No le vi la gracia. Apreté la mandíbula y dejé caer la cabeza sobre la mesa, sin poder esconder mi molestia. Para mí no tenía nada de gracioso. Solo quería entender qué me pasaba. Por qué me dolía que Isolde se negara a acompañarme a estudiar, como siempre lo hacía.
—Sabes que van a pelear muchas más veces de las que esperan, ¿verdad? —dijo Reginald, aún ocupado con su pieza de metal.
—Lo sé. Pero me siento mal por haberme ido sin ella.
—Jajaja. Bien. ¿Y por qué no hablas con ella? Estoy completamente seguro de que ella también se siente mal.
—No lo sé… ¿y si está enojada? ¿Y si ya no quiere hablarme?
Me sentía como un niño pequeño. No en el sentido físico, sino emocional. Débil. Estúpido. Miedoso. Como si una sola palabra más pudiera hacerme pedazos.
—Oye, no pienses de esa manera —interrumpió Reginald, sin levantar la mirada de su tarea—. Es tu hermana, ¿recuerdas? Y no he notado que esté molesta contigo. Tampoco parece que hayas hecho algo que justifique un enfado.

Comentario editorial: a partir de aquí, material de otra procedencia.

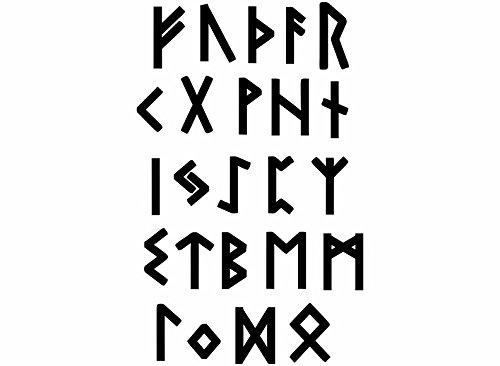 Sticker Adesivi Adesivo Alfabeto Lettere Runico Viking Vichingo Odin Vinland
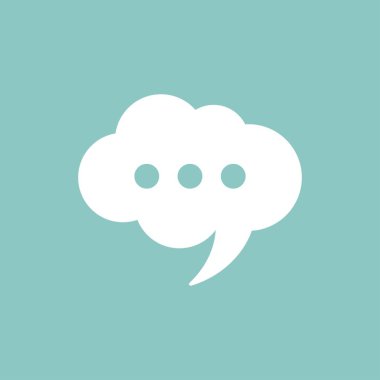 Beyaz sohbet konuşma balonu üzerinde toz mavi arka plan izole noktalı. Vektör düz simgesi. Renk tonu, ipucu, alıntı, alıntı. Sonuç, iletişim, eğitim resim. Yardım penceresi.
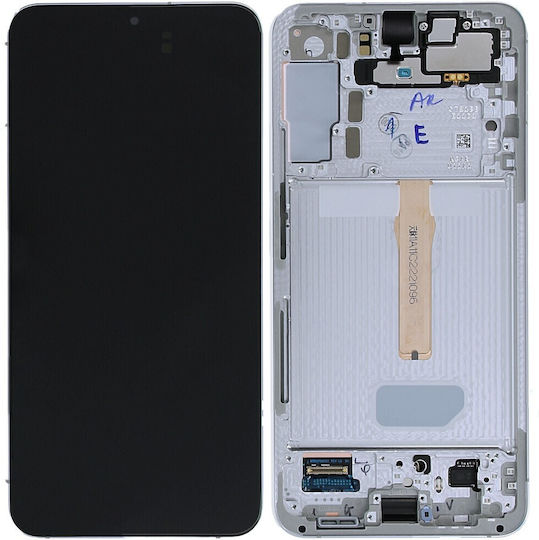 Samsung Екран със Сензорен Механизъм и Рамка за Samsung Galaxy S22 Plus 5G S906 (Бял)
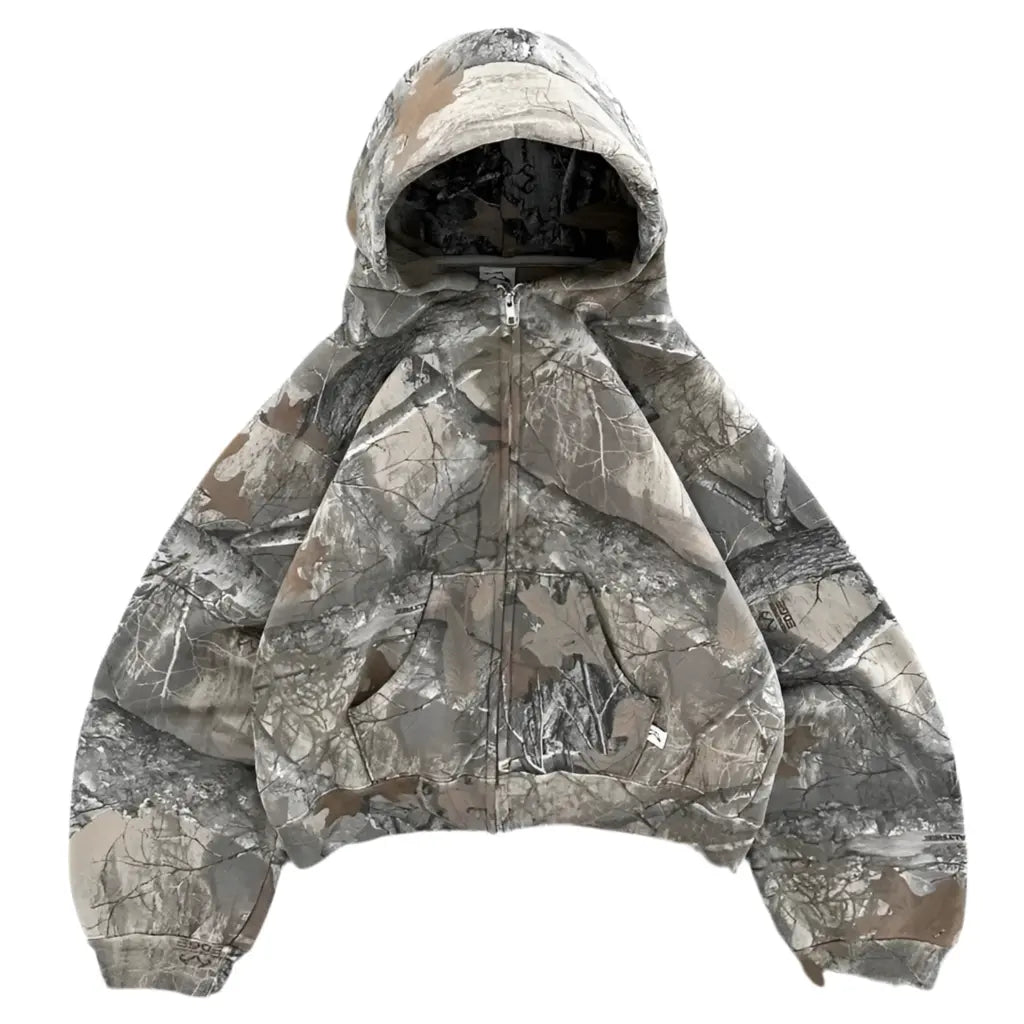 Pluto Camo’d Casual Zip Up Hoodie Pluto Clo uk | Official Website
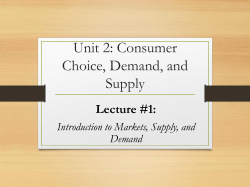 Unit 3: Microeconomic Concepts
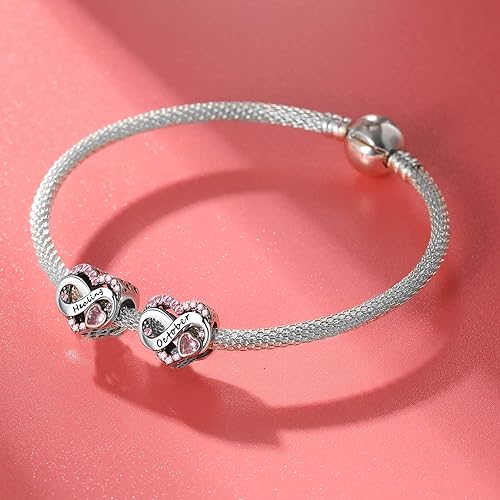 Miniatura 2 de Abalorios de piedra natal de octubre de plata esterlina 925 para pulsera, collar, día de la madre (octubre)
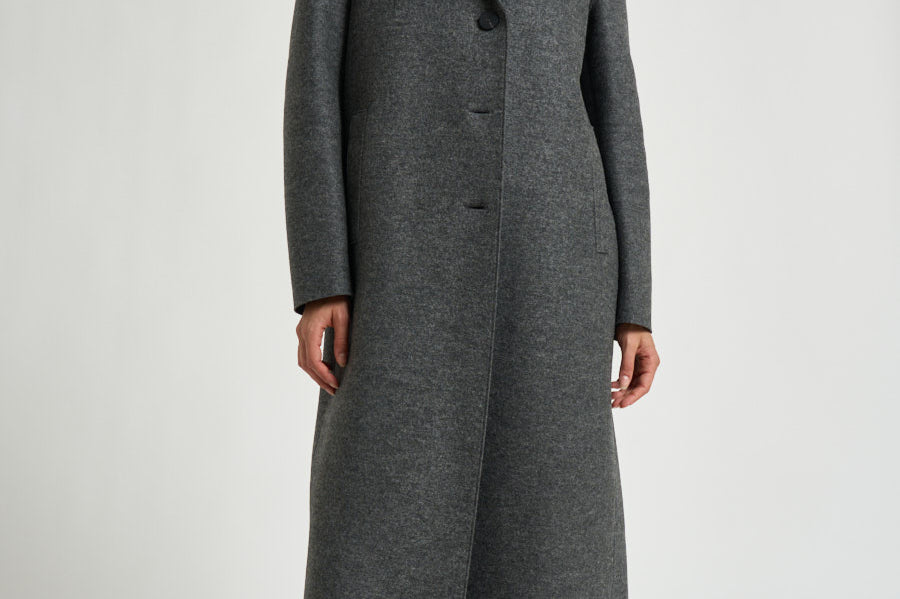Cappotto donna Long Topcoat grigio melange AA1220 MIDDLEGREY HARRIS WHARF LONDON 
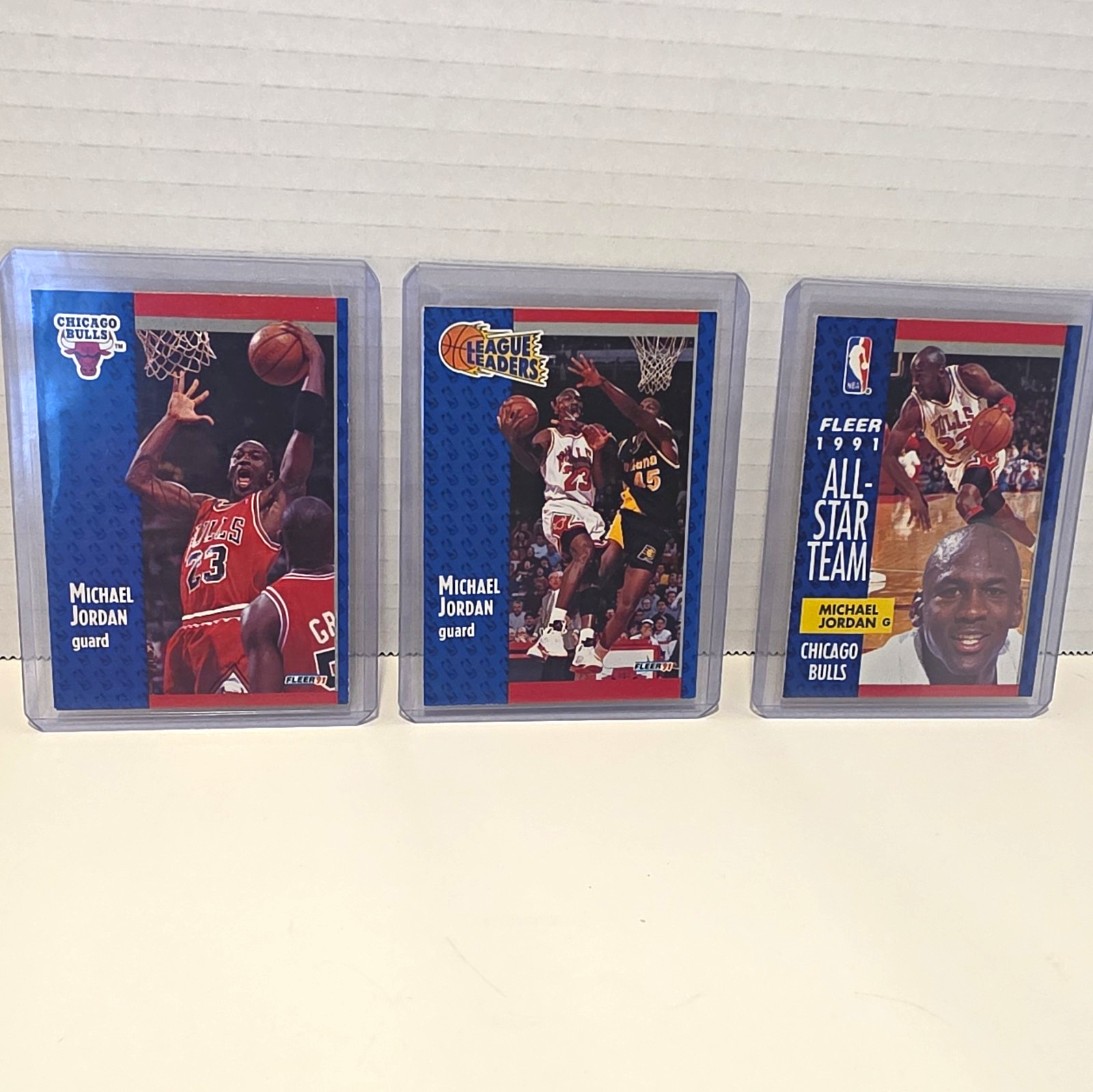 Fleer 1991 Michael Jordan Chicago Bulls 3-Card Lot #29 #211 #220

Suspiré. Un suspiro sin forma, vacío. El tipo que no busca alivio, solo espacio.
¿Qué se supone que debó hacer? ¿Y si me manda al demonio? ¿Y si, simplemente, decide quedarse con Alicia y dejarme atrás?

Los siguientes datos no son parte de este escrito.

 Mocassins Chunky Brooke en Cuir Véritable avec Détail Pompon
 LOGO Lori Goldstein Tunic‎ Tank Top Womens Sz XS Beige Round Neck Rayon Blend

Quería pensar de forma positiva. Debía hacerlo. Pero después de tantos años al lado de Isolde, la línea entre cercanía y dependencia se había vuelto difusa. Sin darme cuenta, ella se convirtió en el ancla que evitaba que me precipitara al vacío.
Nunca había sentido algo así. Era, claramente, un problema. Desde que éramos bebés, habíamos sido casi una unidad. Bastaba alejarnos unos metros para que estalláramos en llanto. Ahora, bastaba con no vernos por unas horas para que el nerviosismo nos devorara desde dentro.
Cuando yo no estaba, ella se ponía tensa. Cuando ella se alejaba, una ansiedad silenciosa comenzaba a reptar por mi espalda.
—¿Sería prudente hablar con ella? —pregunté, sabiendo de antemano la respuesta.
—No se trata de si es prudente —replicó Reginald—. Es necesario. Si lo dejas pasar, puede que luego se vuelva incómodo hablar entre ustedes. Y eso no lo quieres… ¿verdad?
Una manera bastante efectiva de infundir miedo: proyectar el deterioro de una relación importante.
Pero tenía razón. No quería que lo nuestro se convirtiera en un campo minado de silencios y suposiciones. Incluso si la discusión había sido trivial —y lo era, objetivamente—, no valía la pena arriesgar nuestra relación por orgullo o temor.
Además, yo siempre había sido el que la seguía.
—Bien. Me iré a disculpar.
Reginald sonrió, como si ya lo hubiera anticipado.
—Perfecto. Entonces ve. Yo estaré aquí, por si vuelven.
Asentí con la cabeza. Me dirigí a la puerta, sin mirar atrás. Y simplemente… me fui.